One of the main drivers for renting to Kāinga Ora is the guaranteed rent, the high standard the houses are handed back in and the frequent inspections.

But anyone considering signing up needed to view it as a long-term strategy and not want to sell in the next few years.

“So, if I had mum and dad coming to buy one with me, I would be like OK you are now 40 / 45 – as well as your KiwiSaver this is your retirement plan. So, let's put it in our minds that this is a 10 / 15 / 20-year option.”

One of her clients has eight properties rented out to Kāinga Ora, who manages the process.

“It takes all the hassle and stress away from it.”

Ray White Manukau co-owner Tom Rawson said Kāinga Ora is “pretty picky” over the type of property it rents so landlords shouldn’t assume that they will be able to rent to them as they like houses that are warm and dry, have designated living and dining areas, off-street parking and gardens.

“If you’ve got a do-up property that is neglected and thought I’m going to give this to the government, they are just going to say no.”

His agency sold between six and 12 properties a year that had existing leases in place to Kāinga Ora and despite having a much smaller buyer pool due to only being suitable for investors still got snapped up.

“People seem to like it because it’s guaranteed rental income. It’s kind of a set and forget investment for a property owner and instead of dealing with a tenant that leaves every six to 12 months they don’t have to go back to the property for 10 years so they are quite desirable.”

Because Kāinga Ora paid market price and signed long-term agreement being place, landlords didn’t have to worry about missing out on any rent.

“Whereas I think you’ll find if you ask property management companies, hey look out of all your properties you manage what’s your average annual occupancy and they would probably say 50 weeks out of 52. So, you’ve got two weeks missing rent, which in Auckland say the average rent is $650 that’s $1300 bucks a year for each property that’s missing because it’s empty for two weeks of a year.”

However, Hamilton-based Lodge Real Estate salesperson Blair Pointon has had a different experience selling properties with existing Kāinga Ora leases in place and said they can be harder to sell and can fetch less money.

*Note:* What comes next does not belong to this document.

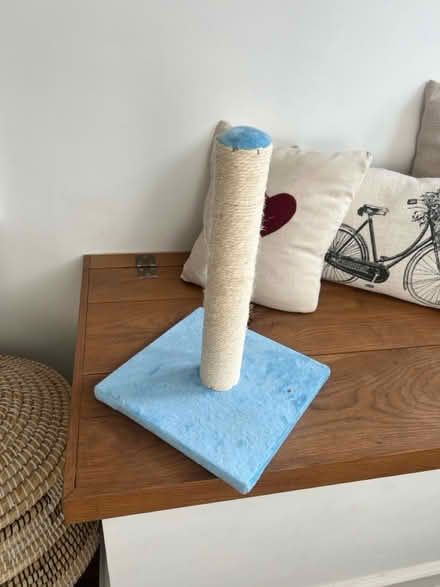 Photo of free Cat scratching post (Hawley) #2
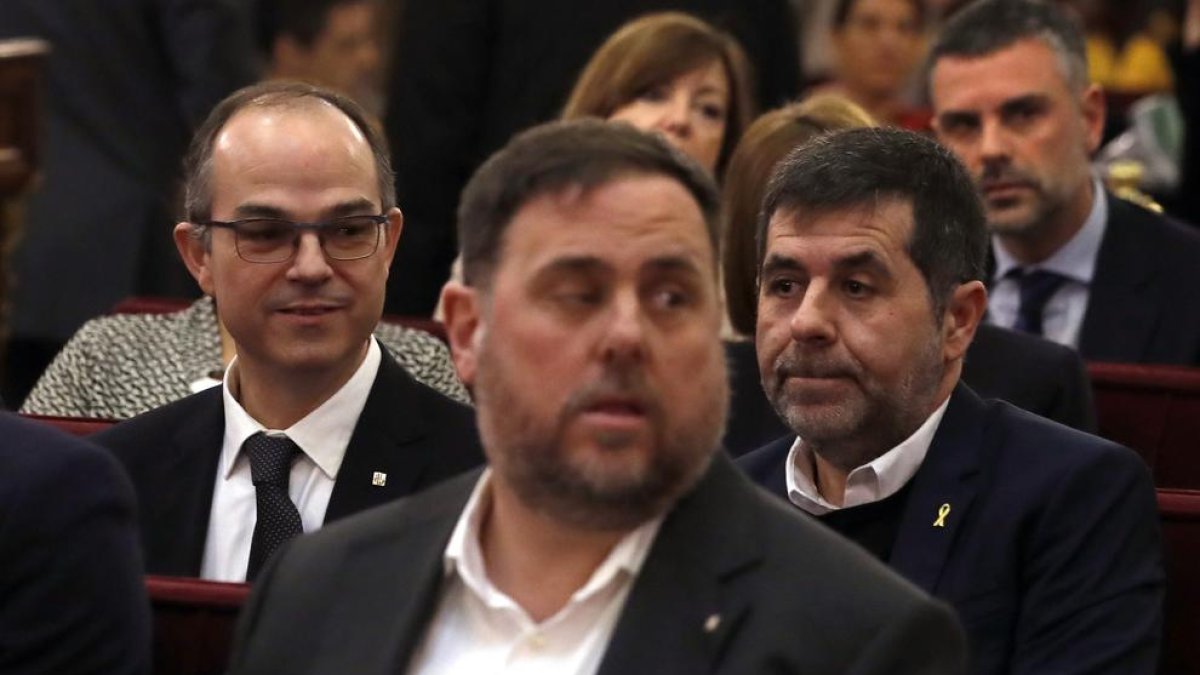 El Suprem posposa inhabilitar Junqueras fins que es pronunciï Luxemburg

Houses in Flat Bush, in South Auckland

Ray White Manukau co-owner Tom Rawson: “People seem to like it because it’s guaranteed rental income.” Photo / Fiona Goodall

“It just limits your buyer pool when you go to sell. So, they are great, but if you have to sell during the time they are in there, it is at a discounted price essentially,” he said.

“... You’ve literally got to have an investor that is solely looking at the numbers as opposed to investors who go, I will only buy the investment property if I could live in it myself.”

Other issues that can crop up include getting insurance.

Insurance Council of New Zealand spokesperson Christian Judge said it can be difficult to get insurance for a property being used for social housing and often depends on a number of factors including on whether it is being used by a long-term tenant or as emergency housing.

Some of the challenges when writing the policy include not knowing who is going to be in and out of the property during the year and who will make the call over whether the damage is accidental or deliberate, he said.

“It can be difficult, but if people shop around, they usually can do it,” he said.

“I think most arrangements with Kāinga Ora work out OK, but just be really clear about where you stand and talk to your insurer early and thoroughly.”

* The percentages are calculated using the number of properties leased by Kāinga Ora as of May 31 when compared with the total number of properties managed by Kāinga Ora as of March 31, 2022 according to the latest publicly available information.